CS 180: Intro to Computer Vision and Computational Photography, Fall 2024

Project 4: Image Warping and Mosaicing

Aishik Bhattacharyya

Overview

In this project, we focus on shooting our own images and finding correspondences in between them to a lot of interesting things. First, we warp images and calculate its rectification, which allows us to see images as if they were posted in front of us, rather than in perspective. Second, we can use this information to blend images together and form panoramic views. We continued this in 4B, when we attempted to automate how we got our correspondence points and filtered them to get just the right amount in the right places.
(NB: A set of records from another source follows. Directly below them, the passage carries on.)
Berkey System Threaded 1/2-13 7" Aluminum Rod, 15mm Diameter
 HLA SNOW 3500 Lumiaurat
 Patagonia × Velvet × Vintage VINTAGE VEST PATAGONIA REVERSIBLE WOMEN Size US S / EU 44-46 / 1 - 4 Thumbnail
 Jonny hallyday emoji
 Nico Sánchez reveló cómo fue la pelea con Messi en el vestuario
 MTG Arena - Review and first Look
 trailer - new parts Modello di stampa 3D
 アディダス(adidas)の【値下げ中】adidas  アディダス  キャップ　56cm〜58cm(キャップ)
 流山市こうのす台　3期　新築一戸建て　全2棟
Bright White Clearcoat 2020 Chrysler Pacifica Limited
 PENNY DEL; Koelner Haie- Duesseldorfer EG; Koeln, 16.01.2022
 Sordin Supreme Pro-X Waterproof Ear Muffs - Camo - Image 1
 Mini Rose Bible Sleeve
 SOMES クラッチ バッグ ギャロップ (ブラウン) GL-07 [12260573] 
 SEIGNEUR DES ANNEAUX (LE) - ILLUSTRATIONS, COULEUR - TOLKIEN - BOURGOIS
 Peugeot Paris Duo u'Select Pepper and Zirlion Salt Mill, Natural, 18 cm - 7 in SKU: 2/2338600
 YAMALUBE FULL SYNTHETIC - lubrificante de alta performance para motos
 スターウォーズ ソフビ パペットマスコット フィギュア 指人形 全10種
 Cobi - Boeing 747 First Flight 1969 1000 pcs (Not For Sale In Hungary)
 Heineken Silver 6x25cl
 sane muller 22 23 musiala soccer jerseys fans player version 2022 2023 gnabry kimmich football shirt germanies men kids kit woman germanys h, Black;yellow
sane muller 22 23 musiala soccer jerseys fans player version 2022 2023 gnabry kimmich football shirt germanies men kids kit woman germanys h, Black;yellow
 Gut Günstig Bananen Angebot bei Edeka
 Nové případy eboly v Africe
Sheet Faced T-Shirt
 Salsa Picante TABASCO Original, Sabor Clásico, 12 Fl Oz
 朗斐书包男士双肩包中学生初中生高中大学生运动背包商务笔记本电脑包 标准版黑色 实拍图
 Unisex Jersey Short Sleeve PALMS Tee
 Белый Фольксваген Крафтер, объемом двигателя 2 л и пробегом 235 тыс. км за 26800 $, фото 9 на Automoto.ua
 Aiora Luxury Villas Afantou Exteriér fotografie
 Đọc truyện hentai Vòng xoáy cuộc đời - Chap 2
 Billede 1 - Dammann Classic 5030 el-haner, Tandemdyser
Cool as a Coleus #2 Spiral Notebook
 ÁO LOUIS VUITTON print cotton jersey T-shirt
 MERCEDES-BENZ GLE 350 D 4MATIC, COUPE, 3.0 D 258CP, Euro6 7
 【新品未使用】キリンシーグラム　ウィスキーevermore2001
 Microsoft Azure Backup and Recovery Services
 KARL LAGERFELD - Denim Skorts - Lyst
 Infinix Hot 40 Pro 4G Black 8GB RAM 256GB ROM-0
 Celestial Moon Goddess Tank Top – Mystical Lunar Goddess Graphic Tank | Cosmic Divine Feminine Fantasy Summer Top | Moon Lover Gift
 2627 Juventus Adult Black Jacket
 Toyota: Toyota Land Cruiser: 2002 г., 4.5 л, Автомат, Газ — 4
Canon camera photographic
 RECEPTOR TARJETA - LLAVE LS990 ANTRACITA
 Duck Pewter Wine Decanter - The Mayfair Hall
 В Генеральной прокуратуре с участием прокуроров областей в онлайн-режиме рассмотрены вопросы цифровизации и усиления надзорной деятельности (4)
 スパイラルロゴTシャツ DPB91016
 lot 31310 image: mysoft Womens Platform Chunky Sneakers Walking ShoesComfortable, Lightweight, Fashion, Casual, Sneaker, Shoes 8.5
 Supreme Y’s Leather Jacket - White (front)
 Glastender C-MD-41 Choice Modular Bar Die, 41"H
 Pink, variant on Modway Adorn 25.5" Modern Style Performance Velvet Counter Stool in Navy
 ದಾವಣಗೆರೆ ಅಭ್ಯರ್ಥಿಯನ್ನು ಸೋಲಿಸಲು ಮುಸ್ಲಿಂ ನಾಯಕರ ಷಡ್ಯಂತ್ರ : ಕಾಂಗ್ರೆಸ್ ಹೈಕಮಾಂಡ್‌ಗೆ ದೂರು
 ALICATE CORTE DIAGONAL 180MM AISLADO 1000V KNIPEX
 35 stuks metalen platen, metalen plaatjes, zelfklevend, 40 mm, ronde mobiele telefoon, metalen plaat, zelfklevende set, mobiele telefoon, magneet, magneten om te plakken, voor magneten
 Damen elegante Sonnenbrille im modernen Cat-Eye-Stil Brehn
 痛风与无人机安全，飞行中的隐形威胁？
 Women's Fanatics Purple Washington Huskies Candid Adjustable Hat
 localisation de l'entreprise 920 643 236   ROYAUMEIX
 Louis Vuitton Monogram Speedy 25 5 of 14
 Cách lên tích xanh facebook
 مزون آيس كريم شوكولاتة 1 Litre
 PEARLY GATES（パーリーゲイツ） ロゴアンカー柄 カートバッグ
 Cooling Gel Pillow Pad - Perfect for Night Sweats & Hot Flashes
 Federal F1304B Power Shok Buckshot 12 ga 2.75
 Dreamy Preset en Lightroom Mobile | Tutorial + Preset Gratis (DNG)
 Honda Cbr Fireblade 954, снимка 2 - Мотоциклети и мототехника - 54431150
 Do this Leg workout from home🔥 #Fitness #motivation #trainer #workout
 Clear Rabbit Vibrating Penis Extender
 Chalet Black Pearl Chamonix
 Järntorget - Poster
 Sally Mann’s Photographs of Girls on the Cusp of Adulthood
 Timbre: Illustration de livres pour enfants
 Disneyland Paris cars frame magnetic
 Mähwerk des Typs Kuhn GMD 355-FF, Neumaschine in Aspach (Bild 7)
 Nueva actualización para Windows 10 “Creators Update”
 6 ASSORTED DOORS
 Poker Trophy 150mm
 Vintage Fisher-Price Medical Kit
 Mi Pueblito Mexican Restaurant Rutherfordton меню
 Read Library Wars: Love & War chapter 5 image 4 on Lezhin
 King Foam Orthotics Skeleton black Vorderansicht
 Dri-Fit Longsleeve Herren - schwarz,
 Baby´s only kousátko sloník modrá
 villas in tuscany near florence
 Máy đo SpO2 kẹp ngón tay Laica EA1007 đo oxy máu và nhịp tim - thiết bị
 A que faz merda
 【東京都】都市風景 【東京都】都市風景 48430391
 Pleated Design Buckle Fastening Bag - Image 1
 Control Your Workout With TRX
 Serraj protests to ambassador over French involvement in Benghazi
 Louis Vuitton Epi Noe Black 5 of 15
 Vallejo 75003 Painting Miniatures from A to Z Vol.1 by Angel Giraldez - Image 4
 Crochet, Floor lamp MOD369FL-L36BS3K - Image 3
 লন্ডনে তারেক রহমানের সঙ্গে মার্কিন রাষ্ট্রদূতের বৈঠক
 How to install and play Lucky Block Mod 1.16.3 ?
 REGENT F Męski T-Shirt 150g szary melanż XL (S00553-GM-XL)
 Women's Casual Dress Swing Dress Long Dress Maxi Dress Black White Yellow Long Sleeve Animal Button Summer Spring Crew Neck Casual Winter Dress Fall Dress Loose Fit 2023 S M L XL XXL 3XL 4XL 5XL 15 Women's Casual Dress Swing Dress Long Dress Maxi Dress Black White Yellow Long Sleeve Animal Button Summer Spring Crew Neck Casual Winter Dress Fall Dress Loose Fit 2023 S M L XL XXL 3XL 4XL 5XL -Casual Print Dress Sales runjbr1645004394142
Shoot the Pictures & Recovering Homographies

Here are some pictures from the rooftop of an apartment. A homography is a 3x3 matrix which represents a transformation between a pair of images. We can recover a homography by using pairs of corresponding points. The points on the pictures above represent the corresponding points. To implement this function, I went through each pair of points and created a system of equations to obtain the homography matrix’s coefficients, of which there will be 9 values. I then solved it with a least squares solver and reshaped it into a 3x3 matrix.
Rooftop
Forest
Bush and Water

Warp the Images & Image Rectification

For this we use a function that takes in an image and a homography matrix. I define the image’s corners in the same order I took the points in for image rectification. I then warped those corners with the input homography matrix and calculated a bounding box for my resulting image. Then, I found all the values within the bounding box and applied the inverse homography matrix to them. Finally, I ran interpolation with griddata to achieve the final result. To get the images for rectification, I found images with rectangles and chose its destination coordinates to be an arbitrary value found in the caption of the images below. My image took very high resolution images that the code couldn’t process, so I resized my images, resulting in a little blurriness. This is reflected in the rectified images as well.
Original Painting
Rectified Painting

Original iPad
Rectified iPad

Blending Images

To blend images, I used some of my code from Project 2 as reference, particularly the part regarding blending with Laplacian pyramids. The key difference in this section is computing the mask that allows us to blend both images. Previously, it was a half white, half black mask because we wanted half of an apple and half of an orange. This time, we need to compute a distance map that determines how much of an impact the images should have in the blend for different parts of the total image. We also need to create a canvas that can hold both images, so we have a true merging of images, instead of one just overlapping the other.
Result 1
Result 2
Result 3

Project 4B: Feature Matching & Autostitching

Harris Corner Detection

We are given a function for this section that is able to detect Harris response values within an image, primarily using the corner_harris function from skimage.feature. Harris corners near the edge are discarded. Then, we essentially find the maxima across these values to identify the corner points. Importantly, we must input a grayscale image.
Naiive Harris Corner Detection

Adaptive Non-Maximal Suppression

To implement Adaptive Non-Maximal Suppression, we want to select a specific set of strong corners by applying a robust condition to filter and find those points. We find other corners within the image with stronger Harris value and keep track of the smallest distances to these stronger corners. Then, we can get however many of the strongest corners we’d like, leading to a more evenly distributed set of points as shown below.
ANMS Result

Feature Descriptor Extraction + Matching

Here, for every corner we found in Adaptive Non-Maximal Suppression, we see if a 40x40 window around the points fits within the image. If it does, downsample it and look at every 8x8 patch. Then, we normalize each of these patches and return a list of all these descriptors. We run this algorithm on both images to get two descriptor sets. Then, for feature descriptor matching, we look at the first image’s descriptor set and find the indices of the two nearest neighbors in the other image’s descriptor set. Next, we apply Lowe’s ratio test, which finds matches where the distance to the closest neighbor is significantly smaller. For all places where this condition is satisfied, we add its pair of indices.
Matching Points between both images

RANSAC

To implement 4-point RANSAC, we use steps outlined in lecture. In summary, we select four feature points at random, compute the homography, computer inliers that meet a specific distance condition, keep the largest set of inliers, and finally re-compute the least-squares H estimate on all the inliers. For each iteration, select 4 random correspondence points from the previous section and compute its homography. We use that H value to project the first image’s points onto the second image’s points. We calculate the distances between the projected and actual points for the second image and see which values are beneath the threshold. If the inlier count at this point of the iteration is more than we found previously, we update that counter and recalculate the resulting homography, which ultimately gets returned after all the iterations.
Result 1
Result 2
Result 3
The coolest thing in part 4B was implementing ANMS, which eliminated a lot of points and they were scattered pretty evenly across. This was a huge step in our correspondence point detection process.